Ab wann darf man eigentlich über Fehler lachen?

Bei meiner Abschlussprüfung  in der Artistenschule habe ich mit den Devil-Sticks jongliert. Bei der sognannten Kreissäge drehte ich mit beiden Händen den Stock direkt vor meinem Gesicht. Dabei ist mir der Stock so unglücklich abgerutscht, dass er mir von unten ans Kinn gedonnert ist. Ich hörte wie meine Zähne aufeinander schlugen.  Allerdings blieb der Stock in der Position regelrecht stecken, so dass ich mit nur kurzer Unterbrechung den Trick einfach fortsetzen konnte. Das war peinlich, wirklich peinlich. Ich vermute, dass man bis in die erste Reihe hören konnte wie meine Zähne aufeinanderschlugen und mein Gesicht, das sah bestimmt sehr unentspannt aus. Ich wäre damals am liebsten im Boden versunken.

Heute kann ich über diesen Fehler lachen. So ein witziger Fehler, und dann auch noch in dieser Situation, wo die bierernsten Trainer vor mir saßen und Schulnoten für Entertainment vergaben. In einer Trainingshalle mit Tageslicht, ohne Bühne, ohne Showambiente, begleitet von Musik aus einem tragbaren Kassettenrecorder. Lol !
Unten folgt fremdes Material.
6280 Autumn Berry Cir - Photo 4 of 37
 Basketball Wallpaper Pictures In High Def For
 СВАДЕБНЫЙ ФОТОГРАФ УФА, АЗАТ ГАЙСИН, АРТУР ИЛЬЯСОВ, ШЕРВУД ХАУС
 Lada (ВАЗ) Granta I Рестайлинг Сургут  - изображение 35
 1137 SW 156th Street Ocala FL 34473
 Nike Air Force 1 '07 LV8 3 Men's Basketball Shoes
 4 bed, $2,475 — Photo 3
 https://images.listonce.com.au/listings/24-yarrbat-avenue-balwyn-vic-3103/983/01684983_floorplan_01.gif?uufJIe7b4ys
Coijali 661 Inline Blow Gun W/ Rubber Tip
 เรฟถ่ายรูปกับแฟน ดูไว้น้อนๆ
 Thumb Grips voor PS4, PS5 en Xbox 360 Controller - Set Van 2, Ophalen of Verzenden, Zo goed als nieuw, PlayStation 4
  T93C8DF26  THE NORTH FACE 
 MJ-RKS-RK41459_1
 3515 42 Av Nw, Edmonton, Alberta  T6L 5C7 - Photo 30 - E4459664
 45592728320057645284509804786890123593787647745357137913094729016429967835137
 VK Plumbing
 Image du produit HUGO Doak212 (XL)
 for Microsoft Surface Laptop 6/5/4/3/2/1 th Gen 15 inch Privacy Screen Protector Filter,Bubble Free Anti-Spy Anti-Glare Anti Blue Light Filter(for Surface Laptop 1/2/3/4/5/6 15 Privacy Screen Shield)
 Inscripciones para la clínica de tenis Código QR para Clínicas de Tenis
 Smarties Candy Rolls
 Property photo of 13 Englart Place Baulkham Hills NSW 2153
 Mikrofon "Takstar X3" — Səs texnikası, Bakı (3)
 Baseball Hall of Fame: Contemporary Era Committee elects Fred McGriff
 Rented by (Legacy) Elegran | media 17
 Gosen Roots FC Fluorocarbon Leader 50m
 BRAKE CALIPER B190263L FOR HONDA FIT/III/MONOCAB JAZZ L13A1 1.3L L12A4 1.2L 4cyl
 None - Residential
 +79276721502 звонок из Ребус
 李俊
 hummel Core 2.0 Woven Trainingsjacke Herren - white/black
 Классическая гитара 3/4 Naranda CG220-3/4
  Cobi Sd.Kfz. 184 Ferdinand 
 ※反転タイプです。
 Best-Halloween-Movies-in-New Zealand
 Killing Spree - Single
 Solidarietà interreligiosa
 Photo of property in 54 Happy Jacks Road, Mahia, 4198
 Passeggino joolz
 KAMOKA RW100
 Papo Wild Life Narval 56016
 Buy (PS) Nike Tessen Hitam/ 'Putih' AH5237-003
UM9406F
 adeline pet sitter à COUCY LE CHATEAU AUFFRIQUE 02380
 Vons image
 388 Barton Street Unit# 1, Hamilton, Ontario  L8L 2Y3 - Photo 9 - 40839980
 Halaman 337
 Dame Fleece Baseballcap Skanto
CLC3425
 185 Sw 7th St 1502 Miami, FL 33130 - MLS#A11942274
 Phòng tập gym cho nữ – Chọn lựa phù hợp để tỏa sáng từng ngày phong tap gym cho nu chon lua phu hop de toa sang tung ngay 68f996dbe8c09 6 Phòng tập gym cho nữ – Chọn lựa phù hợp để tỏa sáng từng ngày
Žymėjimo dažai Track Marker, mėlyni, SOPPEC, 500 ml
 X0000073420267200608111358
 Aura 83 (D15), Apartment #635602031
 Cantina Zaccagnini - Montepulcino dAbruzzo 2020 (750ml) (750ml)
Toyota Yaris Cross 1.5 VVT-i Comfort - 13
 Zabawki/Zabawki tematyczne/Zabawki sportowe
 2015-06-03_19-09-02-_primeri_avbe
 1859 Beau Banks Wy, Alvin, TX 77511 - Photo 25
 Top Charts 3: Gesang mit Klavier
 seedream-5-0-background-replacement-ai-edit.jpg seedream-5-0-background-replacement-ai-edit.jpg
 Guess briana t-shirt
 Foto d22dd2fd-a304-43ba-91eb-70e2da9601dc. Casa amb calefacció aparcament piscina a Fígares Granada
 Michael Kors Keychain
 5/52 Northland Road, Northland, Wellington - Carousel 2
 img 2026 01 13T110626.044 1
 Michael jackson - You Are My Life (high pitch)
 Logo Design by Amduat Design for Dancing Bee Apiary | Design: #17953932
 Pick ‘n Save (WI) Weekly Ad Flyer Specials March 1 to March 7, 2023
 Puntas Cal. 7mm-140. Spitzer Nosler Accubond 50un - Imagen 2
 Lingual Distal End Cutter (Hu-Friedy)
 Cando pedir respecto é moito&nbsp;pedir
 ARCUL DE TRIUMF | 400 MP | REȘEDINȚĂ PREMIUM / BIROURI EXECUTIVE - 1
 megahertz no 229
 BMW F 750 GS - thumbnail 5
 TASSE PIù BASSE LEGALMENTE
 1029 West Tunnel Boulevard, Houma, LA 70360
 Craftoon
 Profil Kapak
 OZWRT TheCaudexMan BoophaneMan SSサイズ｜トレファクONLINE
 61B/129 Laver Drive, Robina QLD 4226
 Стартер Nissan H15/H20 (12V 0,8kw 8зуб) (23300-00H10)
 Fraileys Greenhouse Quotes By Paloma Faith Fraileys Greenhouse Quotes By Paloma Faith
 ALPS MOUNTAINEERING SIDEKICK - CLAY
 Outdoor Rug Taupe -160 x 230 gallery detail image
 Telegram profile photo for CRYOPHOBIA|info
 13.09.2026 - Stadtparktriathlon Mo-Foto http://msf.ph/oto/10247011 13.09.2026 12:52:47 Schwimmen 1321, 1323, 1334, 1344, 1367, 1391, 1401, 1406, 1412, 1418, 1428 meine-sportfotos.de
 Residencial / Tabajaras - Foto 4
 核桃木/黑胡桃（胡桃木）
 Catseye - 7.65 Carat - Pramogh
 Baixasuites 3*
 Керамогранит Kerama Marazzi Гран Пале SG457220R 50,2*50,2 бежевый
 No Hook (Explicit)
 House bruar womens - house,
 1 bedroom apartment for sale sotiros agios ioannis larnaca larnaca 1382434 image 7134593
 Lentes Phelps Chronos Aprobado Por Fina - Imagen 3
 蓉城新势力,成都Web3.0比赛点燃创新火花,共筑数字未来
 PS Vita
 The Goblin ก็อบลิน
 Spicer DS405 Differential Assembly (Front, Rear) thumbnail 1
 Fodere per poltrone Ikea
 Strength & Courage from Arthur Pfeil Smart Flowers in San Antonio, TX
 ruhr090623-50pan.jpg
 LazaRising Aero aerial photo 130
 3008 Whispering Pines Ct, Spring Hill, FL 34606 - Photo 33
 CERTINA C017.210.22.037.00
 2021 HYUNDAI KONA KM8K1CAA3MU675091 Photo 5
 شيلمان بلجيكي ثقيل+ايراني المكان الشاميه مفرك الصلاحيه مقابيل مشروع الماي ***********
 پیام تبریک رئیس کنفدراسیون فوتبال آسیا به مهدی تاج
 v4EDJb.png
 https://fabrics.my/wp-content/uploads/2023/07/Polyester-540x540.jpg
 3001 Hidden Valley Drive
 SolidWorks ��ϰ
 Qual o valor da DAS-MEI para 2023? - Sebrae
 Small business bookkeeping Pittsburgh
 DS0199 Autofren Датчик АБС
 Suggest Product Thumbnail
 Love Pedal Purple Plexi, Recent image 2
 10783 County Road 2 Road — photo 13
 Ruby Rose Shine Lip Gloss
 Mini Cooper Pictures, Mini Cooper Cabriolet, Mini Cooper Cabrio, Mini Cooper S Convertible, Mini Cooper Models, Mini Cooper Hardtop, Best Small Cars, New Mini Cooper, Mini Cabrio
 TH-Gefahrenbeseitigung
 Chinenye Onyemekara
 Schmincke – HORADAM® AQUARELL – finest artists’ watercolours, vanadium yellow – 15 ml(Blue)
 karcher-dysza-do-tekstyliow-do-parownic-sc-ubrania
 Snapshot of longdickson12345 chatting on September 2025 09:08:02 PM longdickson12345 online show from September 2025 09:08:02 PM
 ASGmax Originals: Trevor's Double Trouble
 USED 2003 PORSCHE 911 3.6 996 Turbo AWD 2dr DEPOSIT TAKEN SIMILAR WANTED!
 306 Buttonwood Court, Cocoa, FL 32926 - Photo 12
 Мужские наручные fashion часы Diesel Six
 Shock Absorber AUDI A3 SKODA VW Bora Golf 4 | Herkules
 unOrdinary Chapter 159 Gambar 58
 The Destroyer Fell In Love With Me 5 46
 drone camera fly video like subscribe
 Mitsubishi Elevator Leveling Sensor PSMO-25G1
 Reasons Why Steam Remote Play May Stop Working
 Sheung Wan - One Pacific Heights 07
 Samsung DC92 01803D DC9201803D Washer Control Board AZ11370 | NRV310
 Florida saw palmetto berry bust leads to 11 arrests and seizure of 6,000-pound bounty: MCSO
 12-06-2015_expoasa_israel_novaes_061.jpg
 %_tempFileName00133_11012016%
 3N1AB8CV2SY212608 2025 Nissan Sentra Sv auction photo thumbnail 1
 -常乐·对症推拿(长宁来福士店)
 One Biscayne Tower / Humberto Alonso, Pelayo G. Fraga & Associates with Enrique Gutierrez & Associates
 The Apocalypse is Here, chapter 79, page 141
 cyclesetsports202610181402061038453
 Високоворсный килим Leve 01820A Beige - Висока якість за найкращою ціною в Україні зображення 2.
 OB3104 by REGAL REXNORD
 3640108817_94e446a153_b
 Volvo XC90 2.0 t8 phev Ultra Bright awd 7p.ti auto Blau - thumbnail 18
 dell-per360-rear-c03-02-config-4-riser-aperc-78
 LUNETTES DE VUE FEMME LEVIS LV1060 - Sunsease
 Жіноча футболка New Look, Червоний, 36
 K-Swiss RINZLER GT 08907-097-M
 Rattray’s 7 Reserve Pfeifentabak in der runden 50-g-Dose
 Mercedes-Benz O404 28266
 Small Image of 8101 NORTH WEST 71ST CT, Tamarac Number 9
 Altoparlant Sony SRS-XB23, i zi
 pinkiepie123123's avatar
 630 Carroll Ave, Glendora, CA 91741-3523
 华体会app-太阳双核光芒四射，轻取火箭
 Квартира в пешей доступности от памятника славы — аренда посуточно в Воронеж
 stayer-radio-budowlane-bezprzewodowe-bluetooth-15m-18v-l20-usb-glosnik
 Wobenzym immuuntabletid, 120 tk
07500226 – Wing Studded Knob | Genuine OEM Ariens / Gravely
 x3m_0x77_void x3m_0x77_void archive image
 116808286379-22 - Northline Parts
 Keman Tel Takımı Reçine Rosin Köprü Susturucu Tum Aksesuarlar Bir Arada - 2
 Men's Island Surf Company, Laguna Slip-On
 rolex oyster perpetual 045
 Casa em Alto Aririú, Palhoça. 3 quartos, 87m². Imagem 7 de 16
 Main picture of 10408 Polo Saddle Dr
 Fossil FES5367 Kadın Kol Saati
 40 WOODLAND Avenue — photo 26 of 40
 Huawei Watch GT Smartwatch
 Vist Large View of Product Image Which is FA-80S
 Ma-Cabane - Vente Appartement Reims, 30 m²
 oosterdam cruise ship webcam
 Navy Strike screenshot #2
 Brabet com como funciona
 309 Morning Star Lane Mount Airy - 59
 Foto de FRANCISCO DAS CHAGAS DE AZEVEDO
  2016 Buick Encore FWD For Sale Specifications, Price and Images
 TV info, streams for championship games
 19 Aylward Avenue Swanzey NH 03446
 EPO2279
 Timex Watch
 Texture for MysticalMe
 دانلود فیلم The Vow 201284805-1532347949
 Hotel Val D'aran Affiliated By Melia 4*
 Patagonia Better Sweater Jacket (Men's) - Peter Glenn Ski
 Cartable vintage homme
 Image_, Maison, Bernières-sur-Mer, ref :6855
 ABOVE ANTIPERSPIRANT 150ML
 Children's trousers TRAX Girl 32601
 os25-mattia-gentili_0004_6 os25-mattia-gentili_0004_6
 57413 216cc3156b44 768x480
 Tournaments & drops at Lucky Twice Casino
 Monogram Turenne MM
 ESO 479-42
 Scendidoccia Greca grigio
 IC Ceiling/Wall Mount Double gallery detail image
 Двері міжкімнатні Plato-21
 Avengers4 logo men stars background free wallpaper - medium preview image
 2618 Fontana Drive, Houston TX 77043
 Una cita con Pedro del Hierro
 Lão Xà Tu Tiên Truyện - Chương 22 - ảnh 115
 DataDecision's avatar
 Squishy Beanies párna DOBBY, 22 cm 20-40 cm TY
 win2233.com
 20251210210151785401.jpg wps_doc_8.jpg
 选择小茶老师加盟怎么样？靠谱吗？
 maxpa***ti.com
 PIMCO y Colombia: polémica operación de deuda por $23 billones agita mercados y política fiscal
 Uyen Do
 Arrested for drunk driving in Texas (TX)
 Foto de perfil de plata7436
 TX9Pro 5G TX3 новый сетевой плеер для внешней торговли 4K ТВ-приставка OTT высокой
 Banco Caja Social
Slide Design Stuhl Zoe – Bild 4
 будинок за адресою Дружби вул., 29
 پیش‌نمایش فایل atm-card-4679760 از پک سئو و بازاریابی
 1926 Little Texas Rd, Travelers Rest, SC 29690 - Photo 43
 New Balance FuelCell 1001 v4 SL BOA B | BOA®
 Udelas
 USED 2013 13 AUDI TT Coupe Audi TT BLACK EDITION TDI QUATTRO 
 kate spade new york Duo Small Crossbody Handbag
Wäre ich nochmal in der Situation, mit meinen heutigen Erfahrungen, würde ich wahrscheinlich nicht einfach weiterjonglieren, sondern laut loslachen – oder wenigstens gut hörbar „Oops!“ oder „Aua“ sagen. Ich vermute, dass die Zuschauer mitlachen würden.

Heute weiß ich, dass der Fehler weit weniger schlimm war, als ich in diesem Moment vermutete. Die meisten Zuschauer haben den Patzer gar nicht bemerkt. Im Nachhinein fand ich sogar heraus wie ich den Fehler zuverlässig vermeiden kann. Der Fehler war in diesem Moment schlimm, sogar sehr schlimm. Einen Tag danach war er nur noch halb so schlimm, eine Woche danach hatte ich daraus gelernt, ein Jahr danach hatte ich ihn fast vergessen. Heute, mehr als 10 Jahre danach ist er sogar lustig.

Ist es nicht so, dass man sich vergangene Fehler gerne als unterhaltsame Geschichten erzählt? Wie lange muss ein Fehler her sein, damit er eine gute Geschichte wird? Wie lange dauert es bis auch schlimme Fehler eine gute Geschichte werden? Ist die Titanic schon eine gute Geschichte? Ist es die Costa Concordia? Wenn der Fehler gerade passiert, dann sind die Reaktionen oft alles andere als gelassen, man flippt aus, macht sich Selbstvorwürfe, oder straft sich mit Verachtung oder gar Sanktionen. Die eigenen Fehler sind ja (ach!) so viel schlimmer als die der anderen.

Negative Reaktionen auf Fehler sind wirklich angemessen wenn Menschen zu Schaden kommen, hohe Kosten entstehen oder wenn man aufgibt und vor hat die Niederlage einzustecken. Es gibt auch Fehler, die wirklich nachhaltig schlimm sind, da bleibt es auch unangebracht einen lockeren Umgang zu finden. Aber seien Sie mal ehrlich, die meisten Fehler haben übersichtliche Konsequenzen. Und hat man aber vor wieder aufzustehen und es nochmal zu probieren, hat man allen Grund positiv mit dem Fehler umzugehen. Denn dann wird aus dem Fehler eine kleine Lerneinheit auf dem Weg zum Ziel und wer weiß, vielleicht auch bald eine gute Geschichte.

Es stellt sich auch die Frage wie man eigentlich besser mit einer Herausforderung umgeht: Indem man dabei schlecht gelaunt vor sich hin flucht, sich Vorwürfe macht und latent aggressiv weitermacht, oder wenn man lächelnd und halbwegs entspannt einen neuen Versuch wagt? Wohl eher letzteres, oder?

Also seien Sie Ihrer Zeit voraus und lachen Sie doch einfach gleich über die Fehler.

Andreas Gebhardt | Jongleur und Speaker

Freud vermutet übrigens, dass wir mit dem Lachen innere Spannungen abbauen. Wenn man über sich selbst lacht, lacht das Über-Ich über das Ich.  So verhält man sich zu seinem eigenen Leiden, wie ein Erwachsener zu einem Kind, das man tröstet und doch auch gleichzeitig belächeln kann in dem Wissen: Irgendwann hat das Kind den Bogen raus und dann klappt es.